GSK3β regulates epithelial-mesenchymal transition and cancer stem cell properties in triple-negative breast cancer.

Breast Cancer Res 2019 03 7;21(1):37. Epub 2019 Mar 7.

Department of Translational Molecular Pathology, UT MD Anderson Cancer Center, Houston, TX, USA.

Background: Triple-negative breast cancers (TNBCs), which lack receptors for estrogen, progesterone, and amplification of epidermal growth factor receptor 2, are highly aggressive. Consequently, patients diagnosed with TNBCs have reduced overall and disease-free survival rates compared to patients with other subtypes of breast cancer. TNBCs are characterized by the presence of cancer cells with mesenchymal properties, indicating that the epithelial to mesenchymal transition (EMT) plays a major role in the progression of this disease. The EMT program has also been implicated in chemoresistance, tumor recurrence, and induction of cancer stem cell (CSC) properties. Currently, there are no targeted therapies for TNBC, and hence, it is critical to identify the novel targets to treat TNBC.

Methods: A library of compounds was screened for their ability to inhibit EMT in cells with mesenchymal phenotype as assessed using the previously described Z-cad reporters. Of the several drugs tested, GSK3β inhibitors were identified as EMT inhibitors. The effects of GSK3β inhibitors on the properties of TNBC cells with a mesenchymal phenotype were assessed using qRT-PCR, flow cytometry, western blot, mammosphere, and migration and cell viability assays. Publicly available datasets also were analyzed to examine if the expression of GSK3β correlates with the overall survival of breast cancer patients.

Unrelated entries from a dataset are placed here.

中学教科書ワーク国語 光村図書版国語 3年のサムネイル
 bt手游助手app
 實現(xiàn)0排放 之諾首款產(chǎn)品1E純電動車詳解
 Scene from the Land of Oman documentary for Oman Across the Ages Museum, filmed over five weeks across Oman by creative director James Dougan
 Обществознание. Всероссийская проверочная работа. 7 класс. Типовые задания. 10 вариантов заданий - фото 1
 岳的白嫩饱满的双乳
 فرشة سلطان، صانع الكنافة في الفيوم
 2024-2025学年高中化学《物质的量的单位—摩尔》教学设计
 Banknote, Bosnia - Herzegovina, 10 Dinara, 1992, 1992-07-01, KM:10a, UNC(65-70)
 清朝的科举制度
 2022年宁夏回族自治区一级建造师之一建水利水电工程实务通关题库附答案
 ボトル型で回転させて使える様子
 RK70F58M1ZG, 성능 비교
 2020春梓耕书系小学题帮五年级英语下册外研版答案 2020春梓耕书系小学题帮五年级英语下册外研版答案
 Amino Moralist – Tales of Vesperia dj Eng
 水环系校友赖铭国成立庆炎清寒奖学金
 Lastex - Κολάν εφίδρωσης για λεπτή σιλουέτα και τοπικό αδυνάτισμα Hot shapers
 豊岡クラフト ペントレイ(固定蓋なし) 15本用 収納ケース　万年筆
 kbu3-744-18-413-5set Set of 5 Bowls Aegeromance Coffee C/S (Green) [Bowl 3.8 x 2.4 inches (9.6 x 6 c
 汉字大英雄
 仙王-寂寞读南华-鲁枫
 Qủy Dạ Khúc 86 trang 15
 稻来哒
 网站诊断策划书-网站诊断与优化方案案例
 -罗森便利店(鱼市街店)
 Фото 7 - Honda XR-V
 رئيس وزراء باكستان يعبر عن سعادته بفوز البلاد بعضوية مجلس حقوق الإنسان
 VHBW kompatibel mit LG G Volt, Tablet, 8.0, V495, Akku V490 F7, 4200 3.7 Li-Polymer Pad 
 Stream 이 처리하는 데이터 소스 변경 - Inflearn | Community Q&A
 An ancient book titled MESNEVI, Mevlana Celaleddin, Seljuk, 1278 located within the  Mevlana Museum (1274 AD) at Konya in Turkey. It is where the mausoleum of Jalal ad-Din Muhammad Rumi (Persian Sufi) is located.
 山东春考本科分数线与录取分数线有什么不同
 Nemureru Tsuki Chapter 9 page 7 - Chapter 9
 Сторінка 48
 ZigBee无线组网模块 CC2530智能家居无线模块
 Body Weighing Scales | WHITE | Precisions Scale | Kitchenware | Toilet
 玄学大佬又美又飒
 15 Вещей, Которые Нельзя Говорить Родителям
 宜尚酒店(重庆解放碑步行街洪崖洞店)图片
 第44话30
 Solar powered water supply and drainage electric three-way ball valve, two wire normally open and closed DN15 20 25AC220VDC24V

Results: We identified a GSK3β inhibitor, BIO, in a drug screen as one of the most potent inhibitors of EMT. BIO and two other GSK3β inhibitors, TWS119 and LiCl, also decreased the expression of mesenchymal markers in several different cell lines with a mesenchymal phenotype. Further, inhibition of GSK3β reduced EMT-related migratory properties of cells with mesenchymal properties. To determine if GSK3β inhibitors target mesenchymal-like cells by affecting the CSC population, we employed mammosphere assays and profiled the stem cell-related cell surface marker CD44+/24- in cells after exposure to GSK3β inhibitors. We found that GSK3β inhibitors indeed decreased the CSC properties of cell types with mesenchymal properties. We treated cells with epithelial and mesenchymal properties with GSK3β inhibitors and found that GSK3β inhibitors selectively kill cells with mesenchymal attributes while sparing cells with epithelial properties. We analyzed patient data to identify genes predictive of poor clinical outcome that could serve as novel therapeutic targets for TNBC. The Wnt signaling pathway is critical to EMT, but among the various factors known to be involved in Wnt signaling, only the higher expression of GSK3β correlated with poorer overall patient survival.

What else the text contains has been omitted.